The World Bank predicted on Monday that the Philippine economy would grow 6.2 percent the year, making the Philippines one of the fastest growing economies in East Asia and the Pacific despite the weak global economy.
The Washington-based bank said in its updated report released Monday that the Philippines’ gross domestic product is forecast to grow 6.4 percent this year and 6.2 percent in 2017 and 2018.
“The Philippine economy may surpass the forecasts if authorities can further ramp up spending on public infrastructure as planned,” says the report titled Outperforming the Region and Managing the Transition.
In 2017, the report says that 40 percent of the planned government spending on infrastructure will be roads, railways, seaports and airports.
“This can boost a large segment of the economy including industrial activities, real estate, construction, and tourism,” according to the report.
Birgit Hansi, World Bank lead economist, said the domestic consumption will also continue to prop up the economy, driven by three factors — rising purchases from an expanding middle-class, remittances from overseas Filipino workers, and the expansion of jobs as a result of the growing economy.
Upon assuming office, Hansi said the new government (of President Rodrigo Duterte) reassured investors and the private sector with continuity of existing macroeconomic policies including fiscal, monetary and trade policies that would support continued economic expansion and poverty reduction.
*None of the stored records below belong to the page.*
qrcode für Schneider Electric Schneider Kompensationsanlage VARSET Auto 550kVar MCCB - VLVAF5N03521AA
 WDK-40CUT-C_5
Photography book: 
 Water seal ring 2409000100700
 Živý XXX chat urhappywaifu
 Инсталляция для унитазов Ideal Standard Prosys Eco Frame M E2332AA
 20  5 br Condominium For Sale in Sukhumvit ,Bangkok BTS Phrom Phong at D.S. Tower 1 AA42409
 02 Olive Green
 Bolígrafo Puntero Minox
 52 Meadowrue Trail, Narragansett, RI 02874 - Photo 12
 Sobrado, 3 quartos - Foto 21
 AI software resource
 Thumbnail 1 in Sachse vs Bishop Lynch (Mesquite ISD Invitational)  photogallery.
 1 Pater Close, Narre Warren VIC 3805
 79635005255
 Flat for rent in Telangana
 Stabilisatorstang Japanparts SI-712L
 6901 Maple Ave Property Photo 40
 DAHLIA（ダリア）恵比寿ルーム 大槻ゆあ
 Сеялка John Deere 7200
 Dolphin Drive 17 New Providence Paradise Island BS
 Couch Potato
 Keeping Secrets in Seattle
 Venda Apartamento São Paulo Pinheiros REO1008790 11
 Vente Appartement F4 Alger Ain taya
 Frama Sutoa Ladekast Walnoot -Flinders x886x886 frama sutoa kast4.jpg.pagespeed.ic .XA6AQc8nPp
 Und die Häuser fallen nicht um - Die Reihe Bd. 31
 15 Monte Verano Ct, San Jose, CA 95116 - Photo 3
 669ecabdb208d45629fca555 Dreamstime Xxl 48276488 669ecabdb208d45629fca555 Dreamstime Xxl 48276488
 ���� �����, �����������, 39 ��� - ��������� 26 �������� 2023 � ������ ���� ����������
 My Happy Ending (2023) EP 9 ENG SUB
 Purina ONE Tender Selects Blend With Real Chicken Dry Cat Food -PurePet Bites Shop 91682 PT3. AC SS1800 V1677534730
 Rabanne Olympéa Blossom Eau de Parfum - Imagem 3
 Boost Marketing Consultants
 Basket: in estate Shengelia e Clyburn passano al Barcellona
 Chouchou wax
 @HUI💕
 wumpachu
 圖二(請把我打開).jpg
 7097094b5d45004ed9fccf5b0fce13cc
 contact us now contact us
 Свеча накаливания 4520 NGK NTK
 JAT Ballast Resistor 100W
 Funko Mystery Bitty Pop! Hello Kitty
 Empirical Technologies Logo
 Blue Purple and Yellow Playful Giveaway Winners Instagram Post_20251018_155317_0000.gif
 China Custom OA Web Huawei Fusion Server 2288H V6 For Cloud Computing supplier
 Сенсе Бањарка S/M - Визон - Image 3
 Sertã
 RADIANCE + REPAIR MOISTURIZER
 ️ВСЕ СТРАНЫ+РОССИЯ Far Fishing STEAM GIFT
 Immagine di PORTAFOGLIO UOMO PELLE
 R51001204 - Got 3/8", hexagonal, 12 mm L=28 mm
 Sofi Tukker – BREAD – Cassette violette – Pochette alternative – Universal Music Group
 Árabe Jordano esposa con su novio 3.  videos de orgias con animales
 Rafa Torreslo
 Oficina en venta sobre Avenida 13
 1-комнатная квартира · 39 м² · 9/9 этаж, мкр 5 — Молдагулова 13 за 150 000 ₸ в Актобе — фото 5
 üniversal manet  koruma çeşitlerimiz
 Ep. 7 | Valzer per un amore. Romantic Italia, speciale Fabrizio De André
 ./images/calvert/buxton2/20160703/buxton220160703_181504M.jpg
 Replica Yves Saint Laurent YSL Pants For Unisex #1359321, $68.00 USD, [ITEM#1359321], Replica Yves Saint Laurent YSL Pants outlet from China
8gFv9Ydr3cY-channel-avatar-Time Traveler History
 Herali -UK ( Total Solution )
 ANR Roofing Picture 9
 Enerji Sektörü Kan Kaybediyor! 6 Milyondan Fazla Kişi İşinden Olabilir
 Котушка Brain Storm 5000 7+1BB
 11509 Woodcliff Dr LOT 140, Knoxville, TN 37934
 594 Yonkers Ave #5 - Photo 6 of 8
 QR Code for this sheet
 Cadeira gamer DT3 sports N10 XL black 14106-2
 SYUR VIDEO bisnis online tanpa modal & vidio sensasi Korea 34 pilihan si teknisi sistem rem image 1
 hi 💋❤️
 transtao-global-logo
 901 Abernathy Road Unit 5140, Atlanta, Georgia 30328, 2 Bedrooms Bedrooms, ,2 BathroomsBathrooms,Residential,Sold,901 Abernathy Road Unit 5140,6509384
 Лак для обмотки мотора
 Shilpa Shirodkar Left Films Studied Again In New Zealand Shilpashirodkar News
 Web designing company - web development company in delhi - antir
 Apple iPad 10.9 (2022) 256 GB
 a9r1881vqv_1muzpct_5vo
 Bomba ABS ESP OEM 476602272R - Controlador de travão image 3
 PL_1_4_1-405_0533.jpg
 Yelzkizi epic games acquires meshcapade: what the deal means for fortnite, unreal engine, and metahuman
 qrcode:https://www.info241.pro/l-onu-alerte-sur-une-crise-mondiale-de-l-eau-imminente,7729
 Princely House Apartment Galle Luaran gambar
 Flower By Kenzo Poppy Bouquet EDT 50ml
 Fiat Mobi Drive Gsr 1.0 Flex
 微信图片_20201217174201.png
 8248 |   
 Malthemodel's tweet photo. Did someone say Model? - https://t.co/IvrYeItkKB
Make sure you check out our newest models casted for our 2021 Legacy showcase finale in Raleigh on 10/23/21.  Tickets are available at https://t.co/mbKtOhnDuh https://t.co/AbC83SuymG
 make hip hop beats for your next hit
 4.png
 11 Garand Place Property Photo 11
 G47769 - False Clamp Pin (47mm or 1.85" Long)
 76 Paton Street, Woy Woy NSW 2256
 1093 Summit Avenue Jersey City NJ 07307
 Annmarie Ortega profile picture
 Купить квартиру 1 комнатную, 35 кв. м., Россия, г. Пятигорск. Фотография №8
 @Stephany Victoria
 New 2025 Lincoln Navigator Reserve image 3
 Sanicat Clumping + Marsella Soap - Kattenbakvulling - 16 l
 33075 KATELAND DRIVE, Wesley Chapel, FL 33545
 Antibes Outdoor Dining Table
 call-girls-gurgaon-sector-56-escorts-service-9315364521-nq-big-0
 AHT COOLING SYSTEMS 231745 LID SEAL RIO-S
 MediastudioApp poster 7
“Many reforms are being unveiled, specifically on tax policy and administration, the tracking of government spacing, security of land tenure, ease of doing business, and restrictions on foreign participation,” Hansi said.
“But as policy details are still being discussed, some businesses might remain cautious. The completion of the new Philippine Development Plan this year will provide more clarity on the government’s development priorities and further improve the country’s growth prospects,” Hansi added however.
World Bank Country Director Mara Warwick, for her part, said that the country’s macroeconomic stability puts the Philippines in a good position to accelerate inclusive growth that benefits all Filipinos.
“Poverty will decline faster if the returns from economic expansion are invested in building human capital by strengthening health, education, and social protection,” Warwick said.
“Currently, the poor are concentrated in the agriculture sector, where increases in productivity would generate higher incomes for rural dwellers. Achieving this will require a comprehensive rural development strategy, which is among the priorities of the current administration,” Warwick said.
Moreover, the report notes that as economic growth is sustained, and as spending on health, education, and social protection expands, extreme poverty is projected to decline from 10.6 percent in 2012 to 7.8 percent in 2016, 7.2 percent in 2017, and 6.7 percent in 2018.
The report says that the services sector, which include the country’s business process outsourcing industry, will remain a key growth driver, projected to grow at 7.0 percent in 2016, and 6.8 percent in 2017-2018.
With plants and factories operating at almost full capacity of 83-84 percent, the report says expansion in the manufacturing sector would require fresh investments in new equipment, machinery and factories.
In the agriculture sector, the reports says “increasing farm productivity would be important for improving its growth prospects that would lead to more inclusive growth.”